Der unterstützt mich. Aber er hält sich in bezug auf Kevin zurück. Was ich verstehe, er ist einfach hilflos. Ich bin einfach zu allein mit dem Problem. Als ich als Kinderkrankenschwester im Krankenhaus gearbeitet habe, habe ich mich auch immer sehr engagiert – aber abends konnte ich wenigstens nach Hause gehen, in eine andere Welt. Als Pflegemutter habe ich einen 24-Stunden-Job und keinen Tag Auszeit. Wenn es dabei nur um mich ginge, wäre es vielleicht noch irgendwie zu schaffen. Ich bin ja für die Entscheidung verantwortlich, Kevin nicht mehr wegzuschicken, weil dieser Bruch ihm den Rest geben würde. Und ich würde mit dem Schuldgefühl nicht leben können. Mein Herz sagt darum ganz klar Nein zu dieser Lösung. Gleichzeitig aber geht meine Familie dabei vor die Hunde. Ich bin einfach verzweifelt. Ich weiß nicht ein noch aus.

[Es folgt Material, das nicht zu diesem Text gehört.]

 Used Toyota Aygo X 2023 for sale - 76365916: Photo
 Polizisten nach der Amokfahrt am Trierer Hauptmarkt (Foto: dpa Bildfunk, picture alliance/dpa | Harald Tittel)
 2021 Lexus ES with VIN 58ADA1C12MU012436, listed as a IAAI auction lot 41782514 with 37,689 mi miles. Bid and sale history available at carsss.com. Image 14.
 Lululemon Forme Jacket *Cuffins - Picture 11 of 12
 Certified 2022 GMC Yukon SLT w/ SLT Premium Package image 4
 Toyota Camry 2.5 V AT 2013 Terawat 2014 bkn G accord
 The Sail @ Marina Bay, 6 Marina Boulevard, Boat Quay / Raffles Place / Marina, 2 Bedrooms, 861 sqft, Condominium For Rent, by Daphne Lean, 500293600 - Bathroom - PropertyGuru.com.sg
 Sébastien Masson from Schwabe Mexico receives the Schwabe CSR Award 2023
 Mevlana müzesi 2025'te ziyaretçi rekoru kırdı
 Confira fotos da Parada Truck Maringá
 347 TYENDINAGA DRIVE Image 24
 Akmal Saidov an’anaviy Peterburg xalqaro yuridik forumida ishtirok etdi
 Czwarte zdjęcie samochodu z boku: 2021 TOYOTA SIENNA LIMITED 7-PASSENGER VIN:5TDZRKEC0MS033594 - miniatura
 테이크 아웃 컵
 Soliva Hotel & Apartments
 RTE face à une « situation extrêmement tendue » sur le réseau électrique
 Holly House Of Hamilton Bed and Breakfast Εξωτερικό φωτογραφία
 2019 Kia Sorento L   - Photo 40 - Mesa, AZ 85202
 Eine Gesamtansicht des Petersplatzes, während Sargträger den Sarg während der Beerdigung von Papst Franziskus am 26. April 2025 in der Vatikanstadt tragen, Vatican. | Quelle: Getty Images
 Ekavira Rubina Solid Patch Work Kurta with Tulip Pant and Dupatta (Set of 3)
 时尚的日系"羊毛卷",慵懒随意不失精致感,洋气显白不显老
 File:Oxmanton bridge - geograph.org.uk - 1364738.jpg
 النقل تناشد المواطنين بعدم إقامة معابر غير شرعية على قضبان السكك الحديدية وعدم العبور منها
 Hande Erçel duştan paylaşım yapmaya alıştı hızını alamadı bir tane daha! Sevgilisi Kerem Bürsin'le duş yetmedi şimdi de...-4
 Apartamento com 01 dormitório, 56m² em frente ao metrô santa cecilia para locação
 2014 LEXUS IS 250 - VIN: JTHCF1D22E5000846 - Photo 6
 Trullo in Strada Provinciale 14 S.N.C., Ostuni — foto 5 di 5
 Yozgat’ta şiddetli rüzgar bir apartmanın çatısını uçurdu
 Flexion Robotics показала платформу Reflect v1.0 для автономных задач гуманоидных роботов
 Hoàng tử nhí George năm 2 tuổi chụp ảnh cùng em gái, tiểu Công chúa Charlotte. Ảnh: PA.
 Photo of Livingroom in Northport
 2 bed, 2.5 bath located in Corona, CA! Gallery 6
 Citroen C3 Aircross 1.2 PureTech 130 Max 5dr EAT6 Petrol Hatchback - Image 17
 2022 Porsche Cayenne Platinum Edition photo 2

Gibt es denn von außen keine Unterstützung für Sie?
In den ersten Jahren, als das alles bei Kevin aufbrach, hatten wir viel Unterstützung: von Freunden und auch vom Jugendamt. Aber jetzt… Seit den Freisprüchen und den Publikationen, die mich als „fragwürdige Pflegemutter“ darstellen, halten sich alle mehr und mehr bedeckt. Denn Kevin ist natürlich auch anstrengend. Er hat immer Erwartungen, braucht permanente Zuwendung. Dabei hat er sich gut entwickelt, sich wirklich stabilisiert. Gerade darum bräuchte er jetzt in der Pubertät eine besondere Förderung. Mehr Menschen, denen er vertrauen und auf die er sich stützen kann.

Und das Jugendamt?
Früher hatte uns das Jugendamt einmal im Monat eine andere Betreuung für Kevin zugestanden. Und wir konnten auch als Familie mal ein, zwei Wochen ohne ihn Urlaub machen. Das gab mir und meinen Kindern ein bisschen Luft und Selbstbesinnung. Doch das ist in der letzten Zeit alles weggefallen. Ich habe das Gefühl, ich stoße überall nur noch auf taube Ohren. Ich bin einfach zu allein mit dem Kind. Und ich verstehe nicht, wie laut ich noch schreien soll.